In parts of the Arctic, polar bears are in decline as sea ice, which they depend on to hunt, disappears. That is not the case, however, on the Norwegian island of Svalbard, where bears have actually managed to grow more plump even as ice melts away.
Polar bears hunt by stalking sea ice in search of seals, but sea ice is shrinking across much of the Arctic, which is warming nearly four times faster than the world as a whole. Increasingly, ice forms later in the winter and melts earlier in the spring, which means bears spend less time hunting and more time fasting.
A study along the western edge of Hudson Bay, in Canada, found that, over the last half-century, the number of polar bears in the region dropped nearly in half, and the bears grew measurably smaller. The average female lost 86 pounds, the research found, while the average cub lost 47 pounds.

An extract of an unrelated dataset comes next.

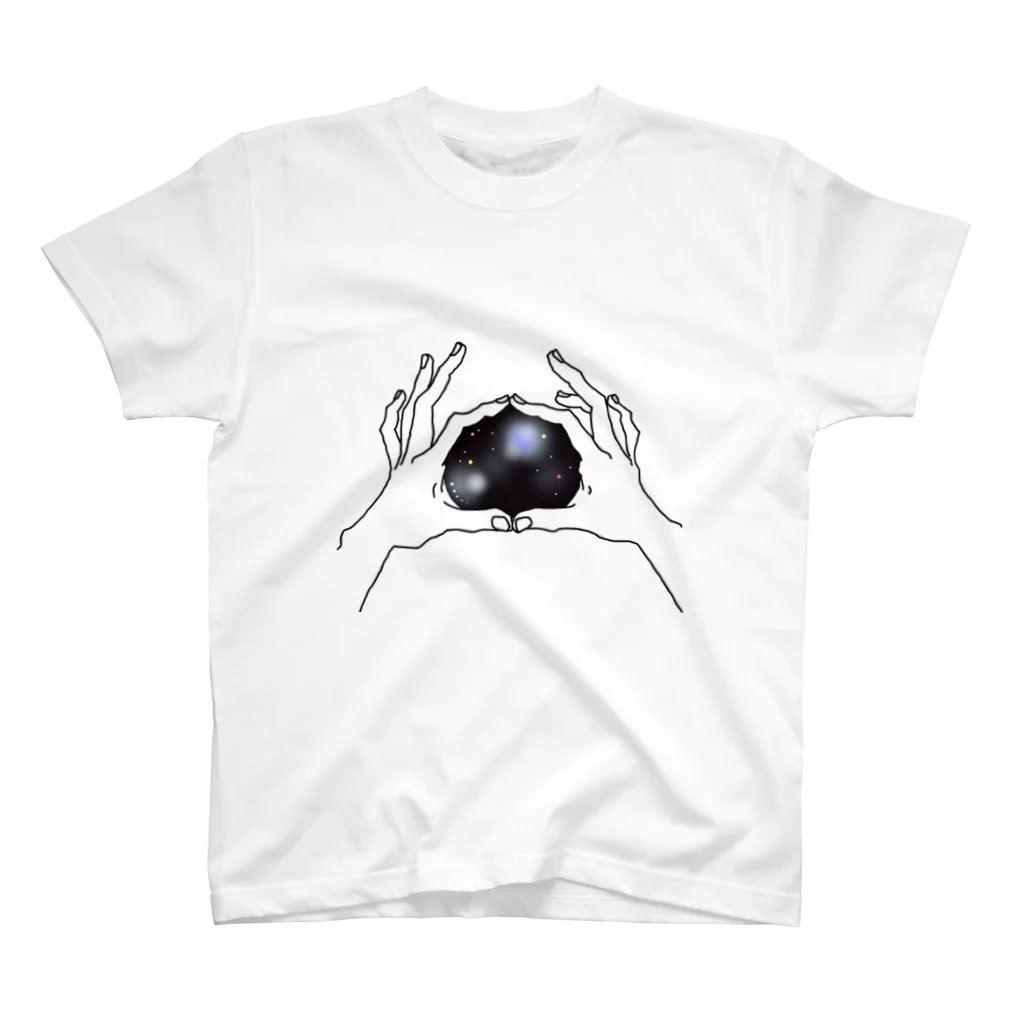 sinobuの手の中は宇宙 Regular Fit T-Shirt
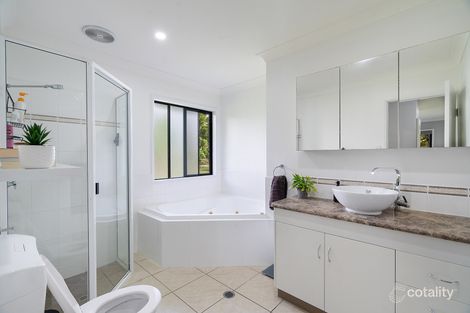 Property photo of 43 Savannah Drive Kinchant Dam QLD 4741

And yet, on Svalbard, polar bears are gaining weight. That is the finding of a new study of 770 bears on the remote Arctic island, which lies some 500 miles north of Norway in the Barents Sea. The region has seen a precipitous drop in sea ice since the early 1990s, adding about 100 ice-free days. And yet, since 2000, Svalbard polar bears have gotten bigger, boosting their reserves of fat, according to the research, published in Scientific Reports.
While the authors cannot say for certain how the bears are managing to thrive in a changing climate, they speculate on two possible causes. One is that seals are concentrating around smaller swaths of sea ice, making them easier to hunt. A second is that polar bears are feasting on a growing number of walruses and reindeer.
Walruses, targeted for their ivory, were nearly extirpated from the island in the early 20th century, but they mounted a recovery after Norway banned commercial hunting in 1952. There are now more than 5,000 on Svalbard. Reindeer were also hunted to the brink of extermination, but since Norway extended protections to the animals in 1925, their numbers have rebounded. Reindeer have recolonized their ancient grazing lands, researchers say, and now total around 22,000.
The island’s polar bears have taken notice. In 2020, scientists gathered the first evidence that Svalbard bears had begun hunting adult reindeer: a widely circulated video of a polar bear chasing a reindeer into the sea, killing it, and then dragging its body to shore. A follow-up study, based on that and other videos, found that across Svalbard, bears were increasingly targeting the ungulates. “This increase in hunting,” it concluded, “is probably linked to the reduced ice cover, with bears spending more time on land, and a growing reindeer population.”